Changing gear a little back to more technical matters, Chewitt then took us through an update on LibreELEC: project principles, new relationships/contacts, active installation base, platforms in use, recent developments, future roadmap (especially security improvements and platform specifics, particularly how to deal with the increasing variations of ARM SoCs), project funding, project governance.
Kwiboo then took the stage to talk about ongoing work to implement LibreELEC on the Tinker Board - a Rockchip-based alternative to the Raspberry Pi that was recently launched by ASUS. By some measures, it's twice as fast as the Pi, but maintains the same form factor and GPIO layout. While it was launched as very much a "plaything" (hence the name), and lacks the out-of-the-box software of the Pi, the implementation of LibreELEC has gone a long way to make it a workable HTPC platform. The project has generated much platform-specific work on various application and library code which now need to be merged back upstream.
Phil65 talked about skin development, specifically the KodiDevKit plugin for Sublime Text 3 (ST3) and how this can be used to streamline the development process - live information in the editor regarding what state Kodi is in, or what images it has loaded and processed, for example.

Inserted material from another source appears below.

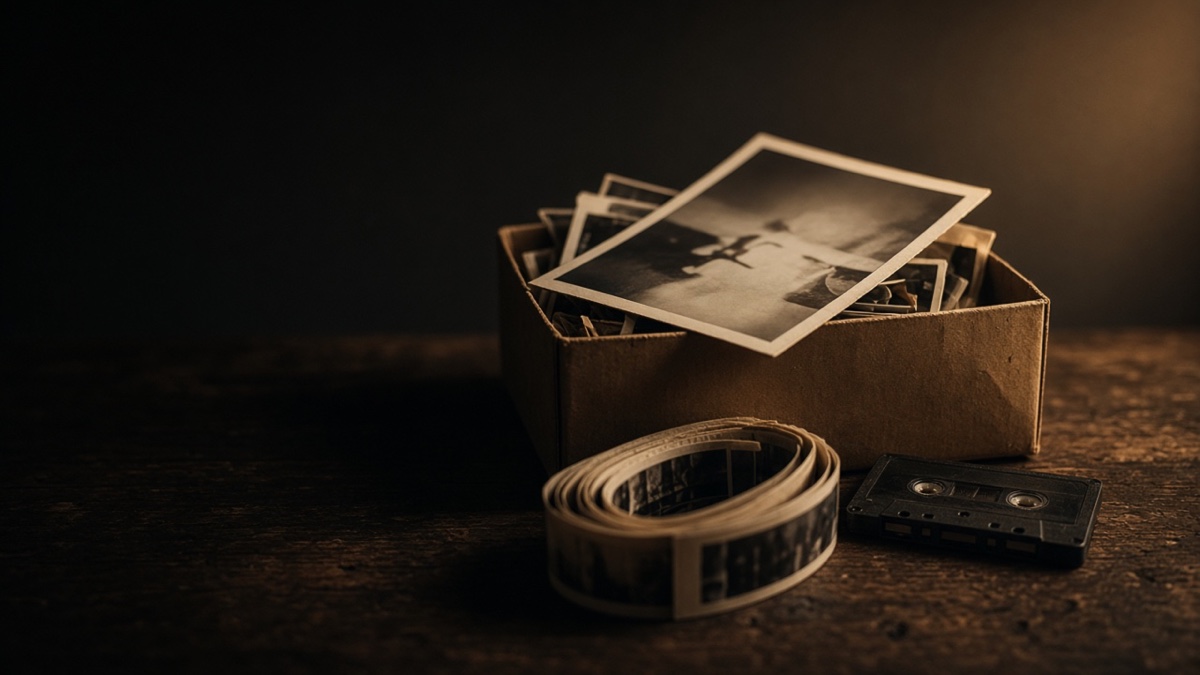 A worn shoebox of photographs, a film strip and a cassette on dark wood — the archive, half open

Nearing the end of the day, Natethomas gave an update on this year's Google Summer of Code (GSoC) process. We want to take part, and we want to "give back" by helping the students with their skills (as well as getting the benefit of their input, of course). However, it isn't necessarily a trival task, and we need our development team to be more active as mentors - both during the development process, and afterwards, as we mop up and document what was achieved. We have our projects identified, so let's embrace them.

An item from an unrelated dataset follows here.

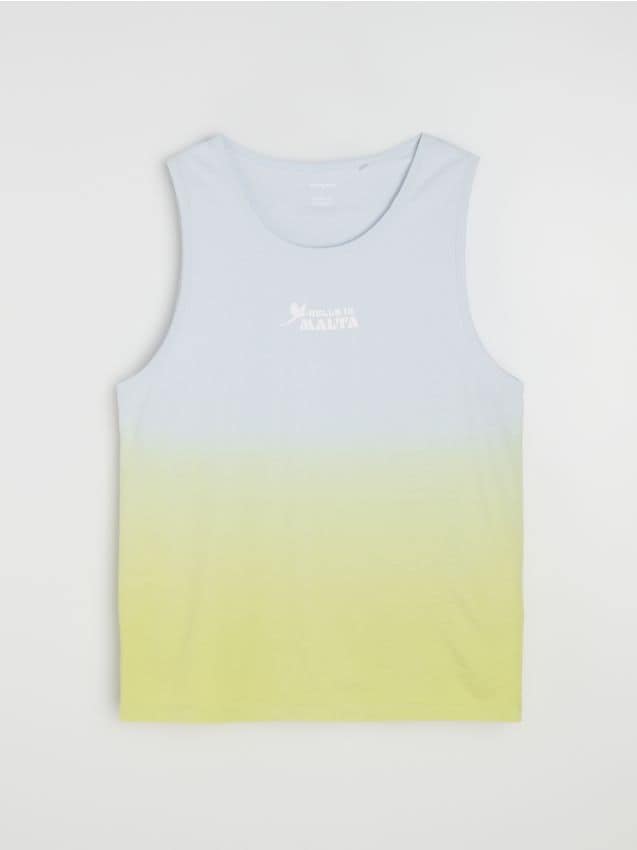 Sinsay - Tricou din bumbac fără mâneci - galben-deschis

Finally, to close the day, Keith covered Business Development and Conferences. The Kodi team has become much more active on the conference circuit, and we've had people attend many events over the past year: CES, VideoLAN Dev Days, Open Source Leadership Summit, Embedded Linux Conference (both Europe and North America) - and we have a couple of people attending Microsoft Build later this week. They're very effective ways to make new contacts, interact with peers in the FOSS/multimedia community, and raise the project's profile. These events have given us access to folks like Amazon, who have made huge strides in taking down the "fully loaded" boxes; eBay is lagging, but we're making slow progress there as well. On the BusDev side, we're still really keen to get official content owners on board, but that is heavily predicated on being able to protect the content rights, so there remains much to do in this space.
A long and productive day, followed by some more team building - this time, with the Wetek guys, did I mention them enough? :) - and then on to another local watering hole...
PS We also broke Jenkins. Badly. Oops. No nightlies for a few days while we \ restore. Sorry about that.